Heat speeds up the decomposition of AAL and the production of diacetyl as do copper, ferric and ammonium ions as well as acidic conditions. The character and handling of your wort can thus enhance the appearance and persistence of diacetyl.
A warm conditioning phase is a wellpracticed approach to reducing diacetyl after fermentation. This reduction occurs in the yeast cell which assimilates the diacetyl from the wort and is temperature dependent. By raising the wort temperature, say above 12oC or even as high as 16-20oC for 48 hours, diacetyl will be decomposed to acetoin and eventually 2,3-butanediol, a compound with a much higher flavour threshold and negligible impact on the beer.

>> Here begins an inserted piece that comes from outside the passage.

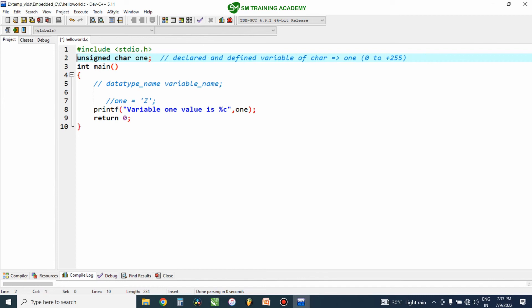Based on your need, you want to differentiate what local variables and global variables are required for your program. For performing a simple calculation inside a function, you can use a local variable. But for holding and using variable values across different functions, you want to declare that variable as a global variable so that you can use it in various functions.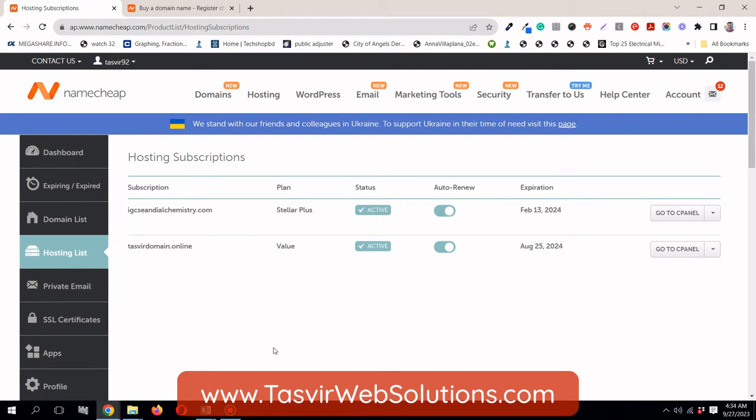If your hosting provider uses the cPanel interface, then you can easily install WordPress. No need to download the zip file from wordpress.org or create a database. With only a few clicks, you will have your own WordPress website ready.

Alternative approaches have been developed and include the addition of a bacterial enzyme, α-acetolactate decarboxylase, to convert acetolactate directly to acetoin in the wort so by passing diacetyl. Alternatively, the enzyme may be entrapped in a column through which beer flows. The gene for this enzyme has also been introduced into yeast cells so allowing direct action.
Of course, an alternative origin of diacetyl is bacterial contamination, particularly pediococci and other lactic acid bacteria. These will be the source for diacetyl in milk fermentations and if present as contaminants in wort will be able to synthesise high levels. That said their presence will be associated with other contributions, not least acidity so making diacetyl’s origin identifiable.

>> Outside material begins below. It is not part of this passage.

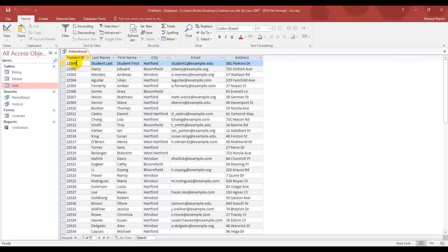Great, now that we've got our patient email query created, let's go ahead and do some updating of data using our query.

While acknowledging the extensive efforts made to manage diacetyl levels in beer it is still pertinent to return to the question of why it is so undesirable in beer but acceptable in other foods? Moreover, let’s put diacetyl hazards into context and consider the impact of it in cigarette smoke, vaping mixtures and its contribution to “popcorn lung” otherwise known, worryingly, as obliterative bronchiolitis - an irreversible degradation of lung tubules causing constrictions and blocking your breathing.

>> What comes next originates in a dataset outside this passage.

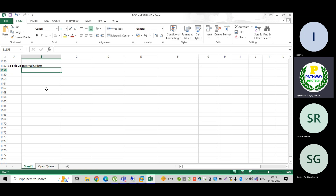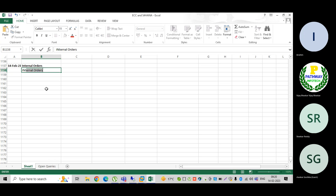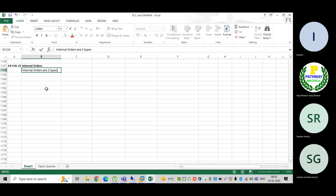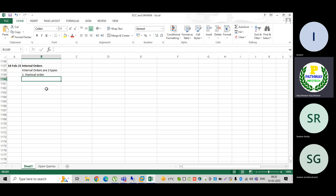Internal orders are two types. One is a statistical order and the other one is a real order. Now, what is the difference between both? What is the statistical order and what is the real order?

Offensive as diacetyl might be proclaimed in brewing it has been used extensively as a positive flavour in other indulgencies. This includes providing a buttery character such as in popcorn, crisps and crackers. It is also used to add brown flavour sweetening in chocolate, ice cream, soft drinks, sauces and many other foods. Until 2007 it was a major addition to popcorn, until, that is, a study associated it with the development of obliterative bronchiolitis in production workers breathing in diacetyl all day. Affected workers, along with a consumer who consumed two bags of popcorn a day, won $20 million damages for their exposure. Shortly after which its addition ceased. A similar scenario of concern was repeated more recently with the inclusion of diacetyl in vaping mixtures until, again, medical alarm generated controls. A comparison with levels in cigarette smoke is informative – between 250 and 361 mg per kg for tobacco products - but it seems that the exposure mechanism is most relevant. As would be expected vapour rather than ingestion is associated with obliterative bronchiolitis. Breathing diacetyl will damage sensitive lung tissue. Diacetyl in food and beverages will have a much lower impact on more resistant digestive tissue and diacetyl is generally regarded as a safe, food additive. Unless you spend all day breathing in steam from boiling beer I doubt that beer diacetyl can be viewed as a hazard. Instead, diacetyl may be more of an indicator of uncontrolled brewing, as would be practiced during American prohibition and denounced by the established industry. Traditional beers of past centuries would have had more elevated levels and possibly suitably balanced for beer styles with a more robust range of flavours. Denying diacetyl at low levels may not be as essential as we may have once thought.